I used to give lectures in forensic computing. The G1 doesn't have a deleted items folder for text messages (although perhaps some replacement Messaging apps do - I've never looked, but you would have needed to install it before you delete the message).
As such, it is deleted from the database on the flash memory. This is very similar to when you delete a file off any drive. The data is not overwritten when it is deleted, but simply marked as free space. It can be overwritten very quickly (fractions of a second) if something needs that free space, or it can hang around for days.
It would be possible to recover such deleted data using the correct software on a rooted phone. You could run the software safely from SD card without risk of overwriting the "free" space that contains your messages.
If the phone wasn't rooted, then you can make an exact copy (image) of the flash memory using the correct hardware (this involves opening up the phone and connecting a piggyback flash driver IC over the top of the flash memory ICs). This isn't the kind of stuff the general public can do, or anyone without a decent electronics background. From then on you can analyse the data however you like, and possibly recover the data if it hadn't already been overwritten.
Finally, if I recall correctly, the last few (4?) text messages are stored on the SIM card, so sometimes it's just a case of popping your SIM card into an old phone that doesn't use its own memory for handling the SMS messages and just reads them directly off the SIM card. Most Nokias from 10 years ago did this. There's also hardware around that can do this.

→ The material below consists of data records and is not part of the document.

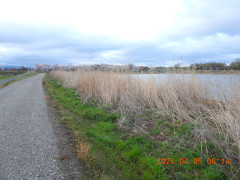 DSCN3286.JPG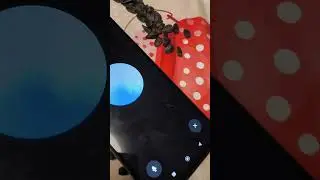 25.10.2024 Чат GPT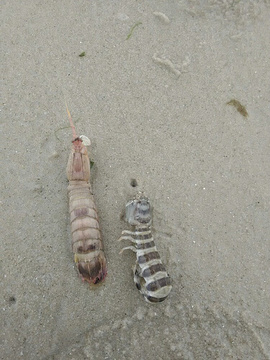 北海银滩旅游度假区旅游景点攻略图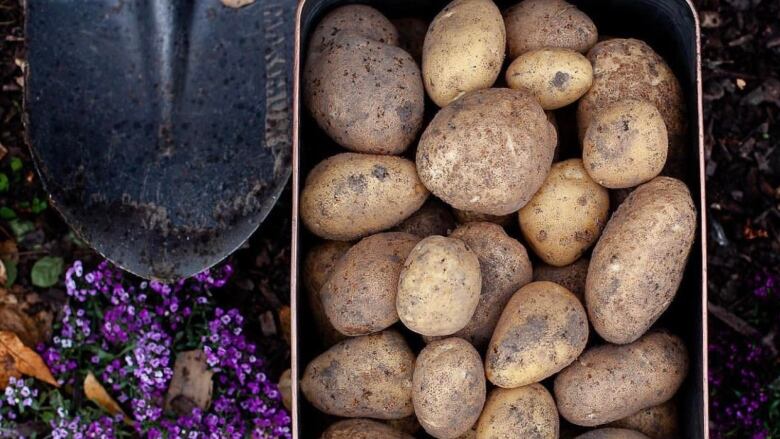 A bundle of potatoes next to a shovel. 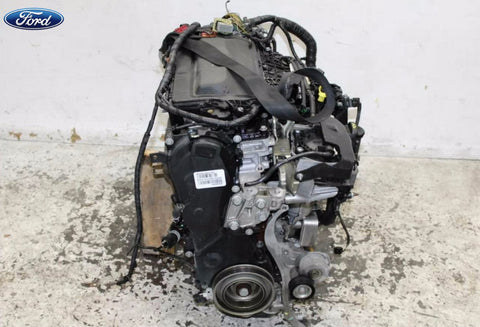 Ford, Focus Engine Diesel, 2.0, Turbo, Lw, 05/11-08/15 J34445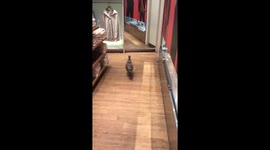 Seagull shopping at Uniqlo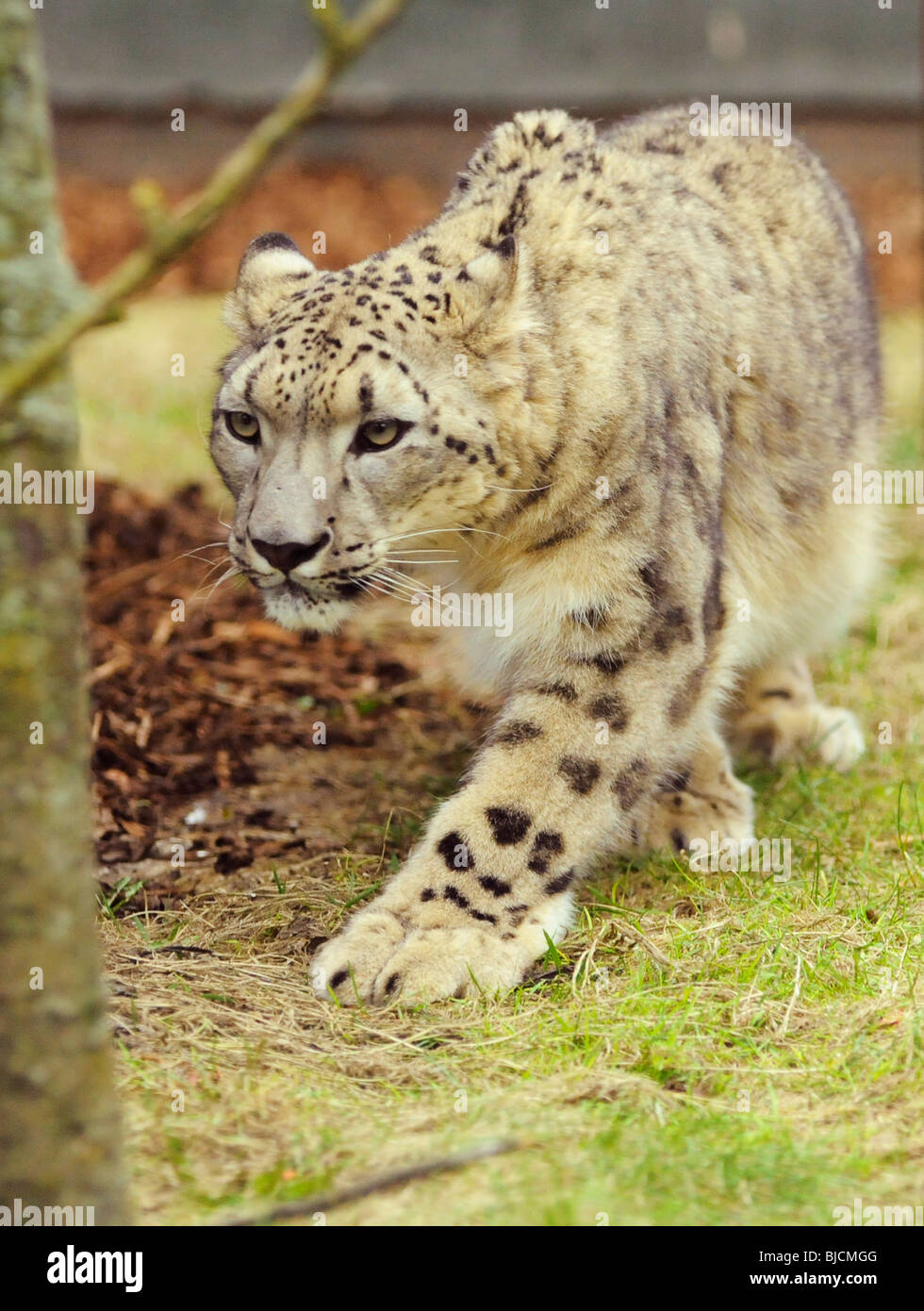 Male Snow Leopard at Twycross Zoo Stock Photo - Alamy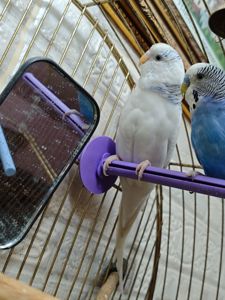 Хвиляста папужка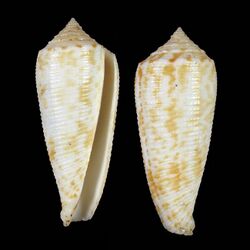 Shell Conus sogodensis.jpg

In terms of truly deleting text messages, forget it. They're all stored somewhere. I see SMS evidence used in court cases frequently, sometimes dating back to the mid-1990s. I would imagine every text message ever sent is archived somewhere. Think about it - the US sent around 1 trillion (1,000,000,000,000) text messages in 2009. Let's say the average length of a text message 40 characters. So that's 40TB of data. Now consider that with compression it'll go down to around 1/80th of that size. That means you can store every text message sent in the US in 2009 on a single 500GB hard drive.